¿Alguien que conozca parcialmente los prolegómenos de la guerra del Gobierno de Felipe Calderón ha desatado –y perdido, indiscutiblemente—ante el crimen organizado, va a creer que un capo de esa magnitud se les escape ya muerto? ¿Qué van a exhibir? Aparece en los medios una fotografía, pero en estos tiempos modernos que la ficción supera a la realidad, que los efectos especiales son herramienta recurrente, cualquier cosa que se diga, se haga y más se publique, debe anteponer y culminar con signos de interrogación. Hasta estos extremos hemos sido arrastrados por la falta de calidad, capacidad, compromiso y sobre todo talento de nuestros gobernantes, en cada nivel, por todas partes.
Si hubo cualquier acuerdo para que el señor Lazcano saliera de la operación criminal, muy bien, eso suele suceder en muchas partes del mundo que en la búsqueda de soluciones se dan alianzas increíbles y surgen los salvoconductos. Si el Gobierno busca legitimización en sus estertores administrativos y políticos, nada los salva. El presidente Felipe Calderón está condenado a ser marcado con el plumón negro de la historia. No sabemos si lo imaginó, pero decenas de miles de familias lo van a mal recordar y si lo mientan no será para bien. Y lo que fueron las cosas, se la pasó buscando perfiles similares al suyo hasta que al final los encontró: Germán Martínez, César Nava, Ernesto Cordero, y después de la búsqueda encontró en el jilguerillo que fácil le gana a cualquier merolico de tianguis, el secretario de Gobernación, Alejandro Poiré –gusta que se pronuncie Pauré, no importa—a un clon perfecto.
Nada más échenle un ojito y ya verán: la ceja alzada, el tono duro y sin equívocos, recia la personalidad y más macizo el semblante. Ese es el poder que México ha tenido seis años y estas –casi 100 mil muertos—nuestras desgracias.
El comentario sobre Heriberto Lazcano no entra en el plano policíaco-criminal, es más bien la intención de arribar al terreno de la política. Increíble que uno de los hombres más buscados por Estados Unidos y México, con recompensas respectivamente de cinco millones de dólares y 30 millones de pesos, haya sido sustraído de una funeraria, sin que nadie los molestara. No habrá exhibición de ningún trofeo, porque nadie ganó la competencia y, eso sí, signos de duda, una tras otra recorrerán el aire, los cables y se teñirán de tinta por el hecho.

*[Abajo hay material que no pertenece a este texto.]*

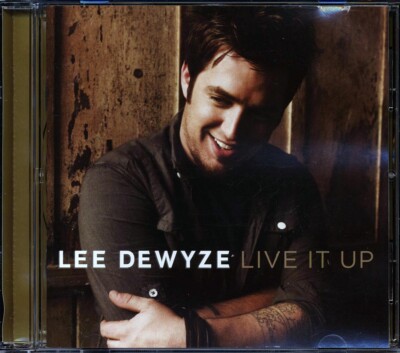 CD Lee DeWyze - Live It Up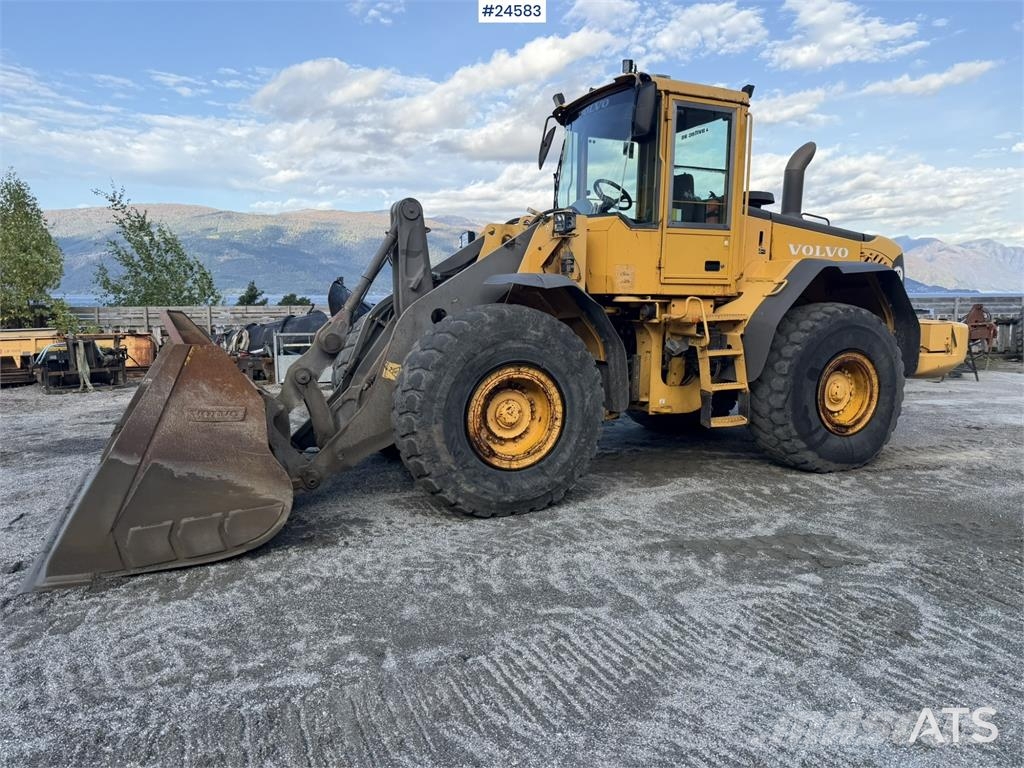 Volvo L120E Wheel Loader w/Bucket Hjullastere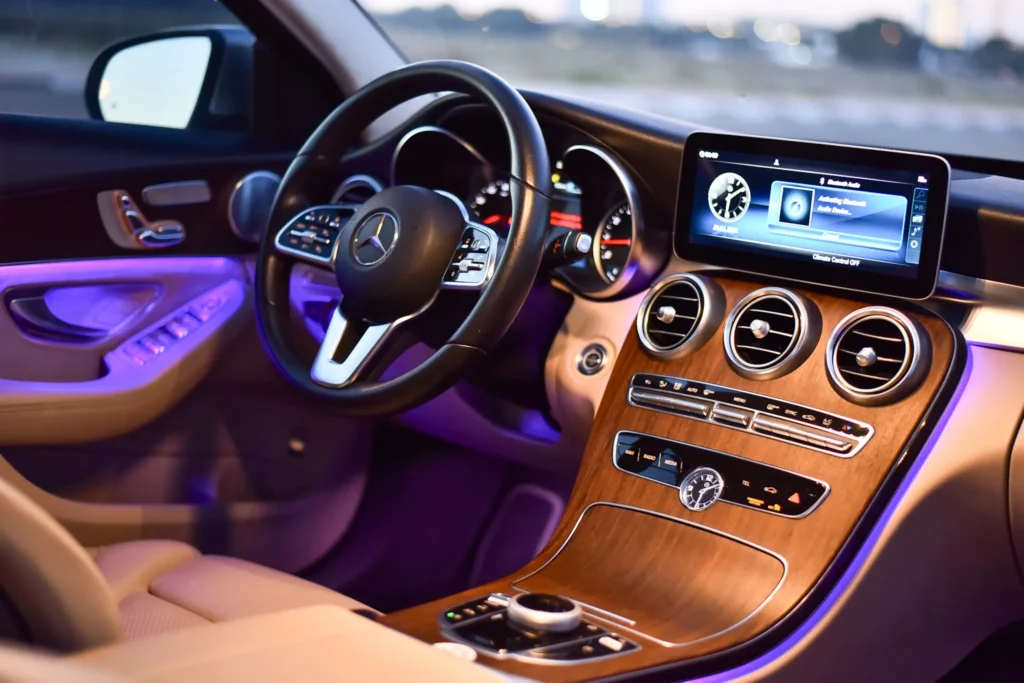 Powerful performance meets timeless design. Make your Dubai stay extraordinary with the C300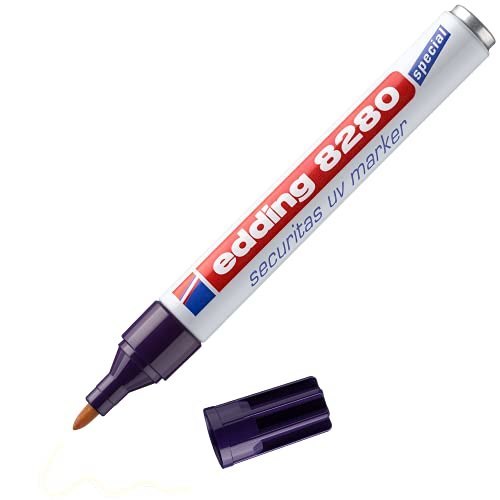 edding UV-Marker 8280 farblos Produktbild img1 L
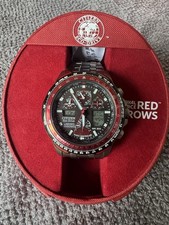 Citizen Skyhawk A-T Red Arrows JY011055E Black Dial Radio Controlled Wrist Watch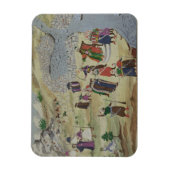 Picからのコンスタンチノープルの予測された秋 マグネット (縦)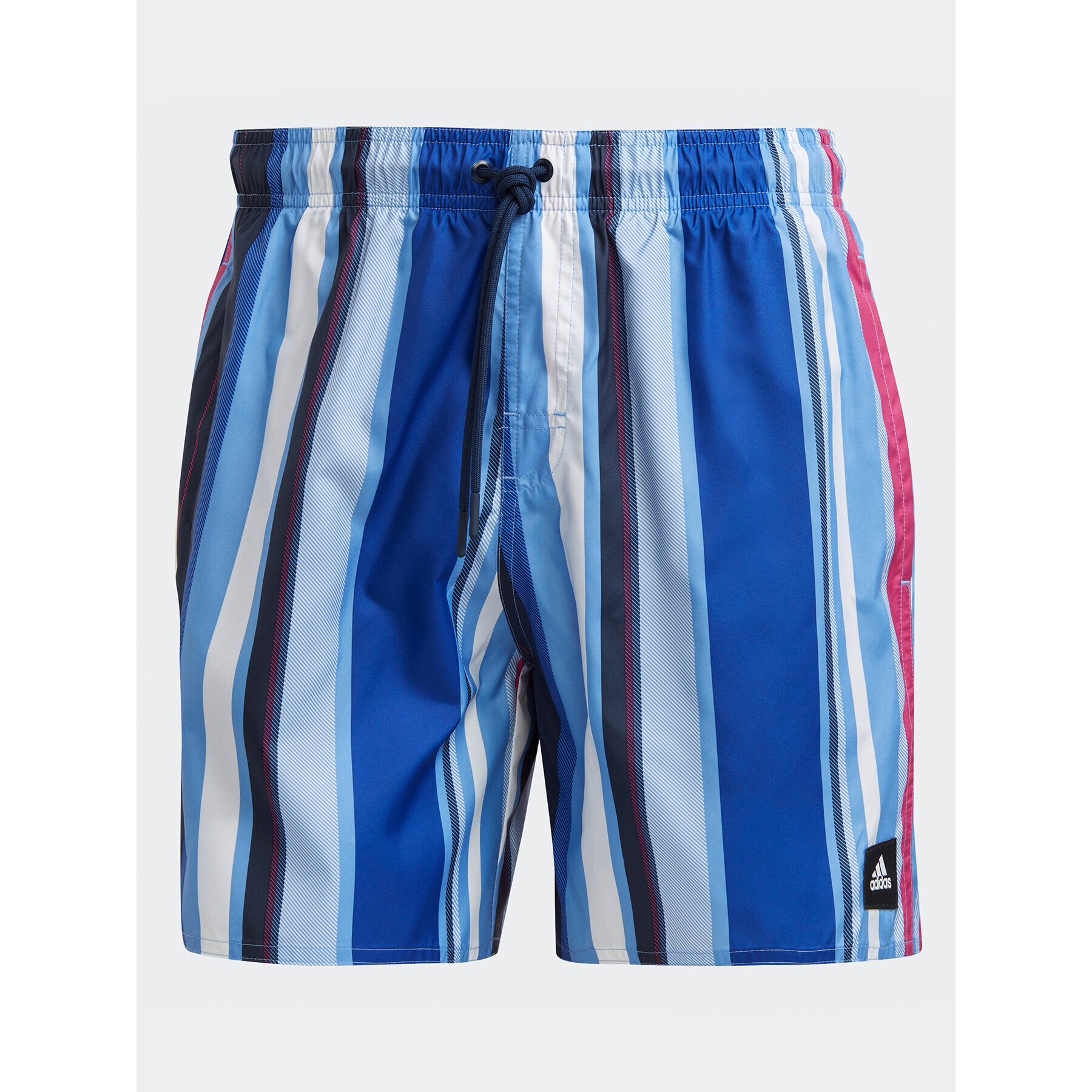 adidas Плувни шорти Striped Swim Shorts IA7752 Син Regular Fit - Pepit.bg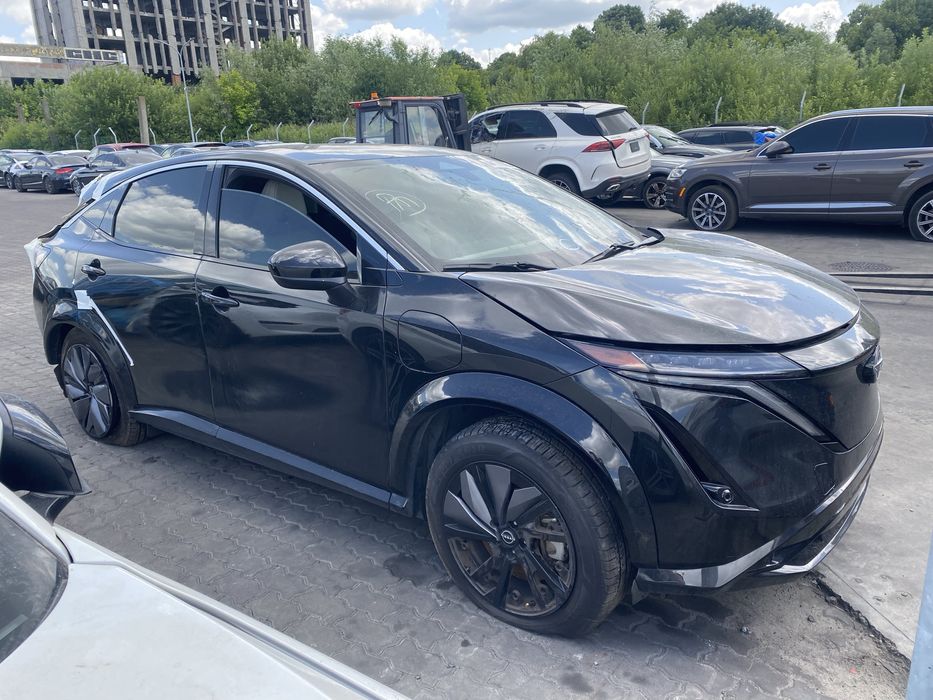 Крило Nissan Ariya праве колір GAT Розборка Нісан Арія USA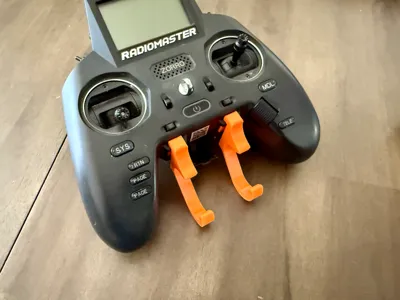 Radiomaster Zorro Battery Hooks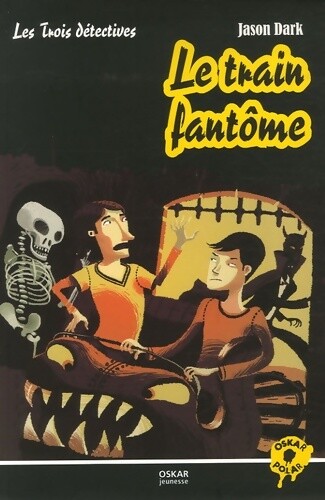 Train fantôme jason dark - fantôme,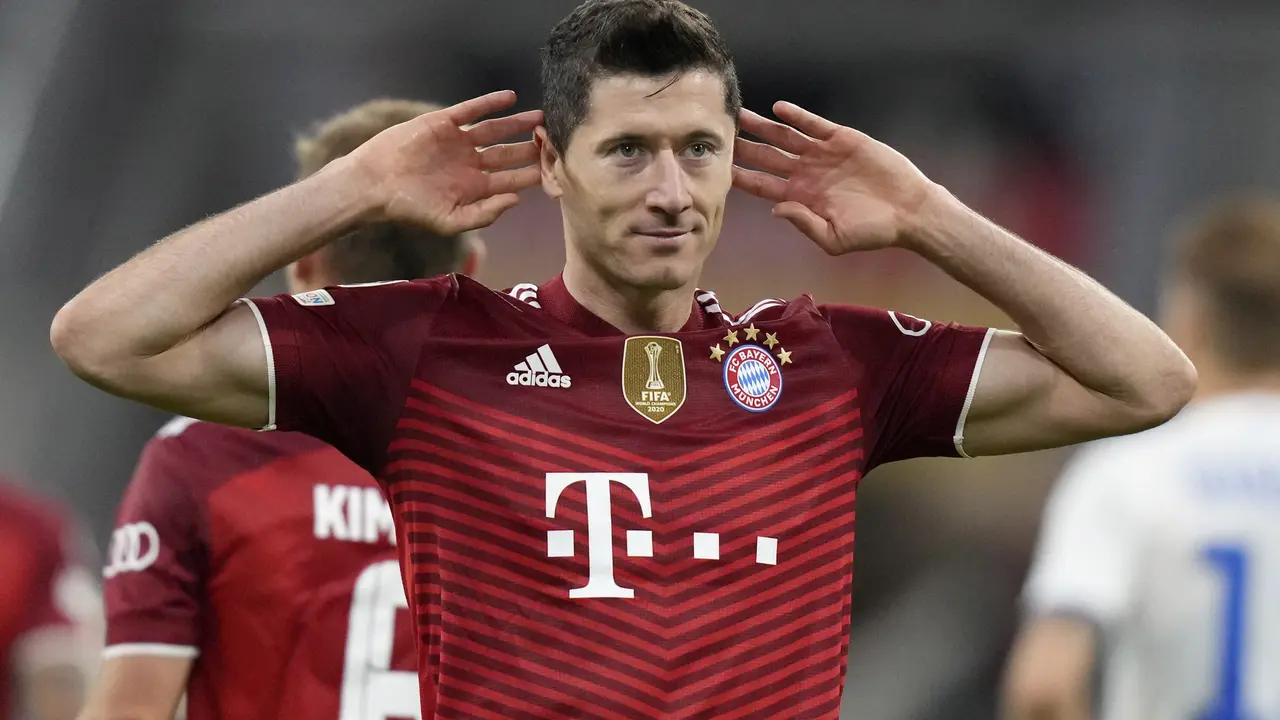Robert Lewandowski Dua Gol, Munchen Bantai Dynamo Kiev 5-0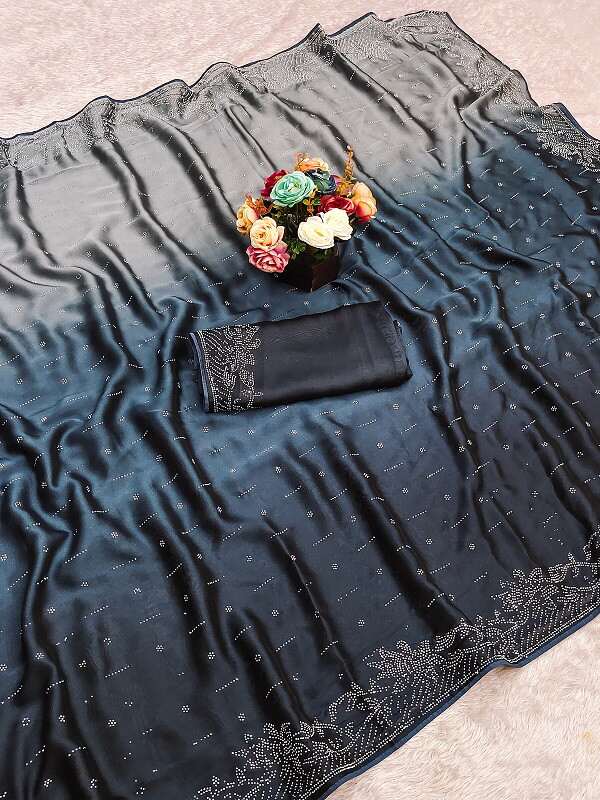 Meera 269 Rangoli Silk Party Wear Saree Collection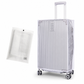 🧳 LIMITED-TIME 50% OFF! 💧 Thickened Waterproof Clear Luggage Cover – Wear-resistant, See-through, Easy Fit ✨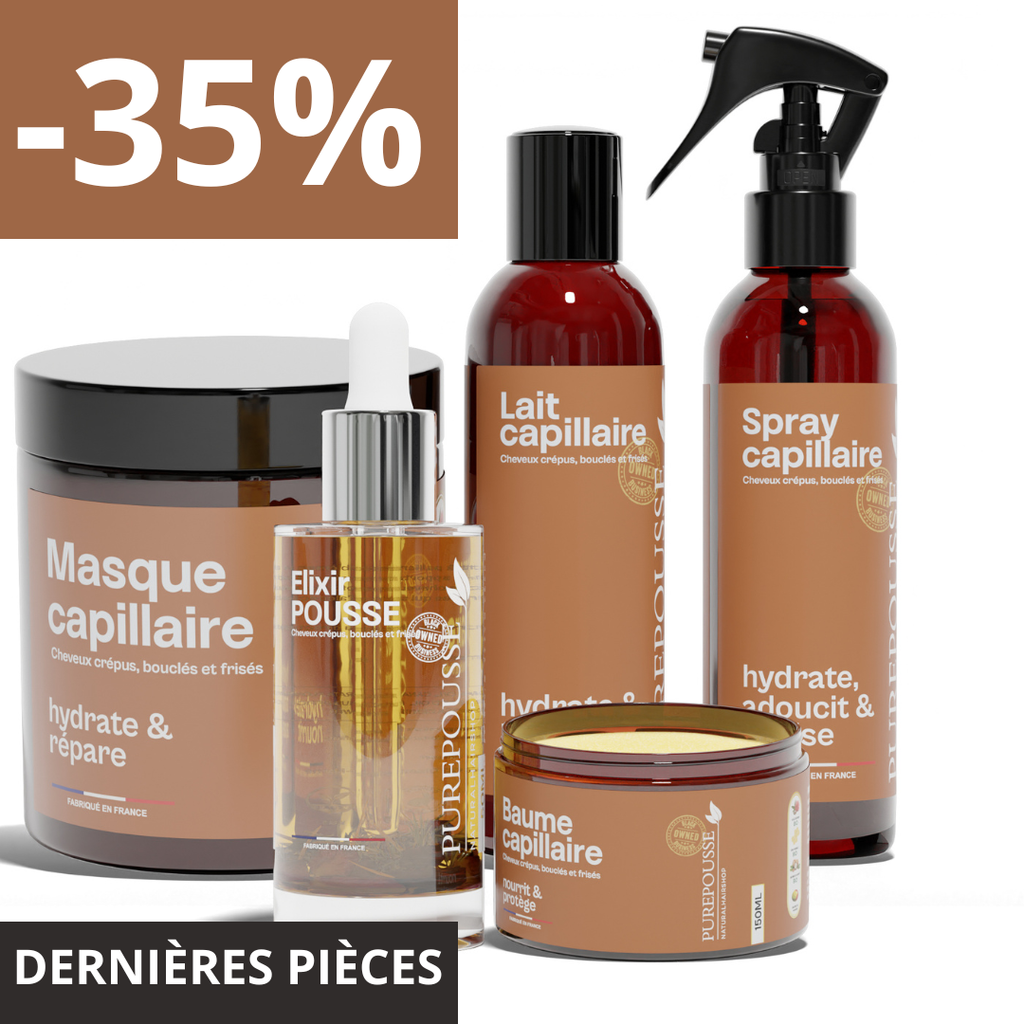 Gamme Elixir Pousse (3 mois d'utilisation)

Todavía faltan como dos meses y fracción para ganar el combate en el último segundo, porque en los once asaltos iniciales, ha sido una paliza la que ha recibido el pueblo de México a causa de la obediencia –puede ser a los vecinos del norte— o la tozudez de un hombre que lo imaginamos como el Napoleón en “Las 33 estrategias de la guerra” de Robert Greene, que para esconder sus complejos y espantar a sus duendes, caminaba en torno de una gran mesa rectangular rodeada de ministros extranjeros, sobre sus altos tacones de las botas, más de puntitas para esconder su tamaño físico, y engolaba la voz como si se tratara de un hombre alto y fornido.
Claro, la diferencia es que Napoleón Bonaparte era un estratega natural y ganó casi todas sus guerras, y nuestro señor presidente la única que emprendió, está perdida.